_Task instructions_
Please return the full listing word for word, leaving out any pictures.

_Information shown_
Content starts
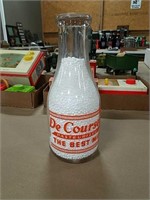 Vintage quart milk bottle  De Coursey's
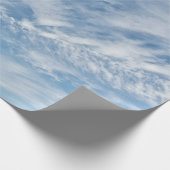 Blaue Himmelswolken Geschenkpapier (Ecke)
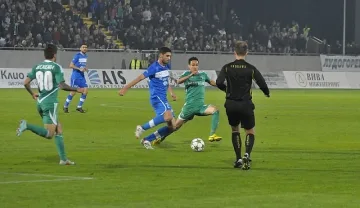 "Лудогорец" води на "Левски" на полувремето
Content ends
_Task solution_
 Vintage quart milk bottle  De Coursey's
 Blaue Himmelswolken Geschenkpapier (Ecke)
 "Лудогорец" води на "Левски" на полувремето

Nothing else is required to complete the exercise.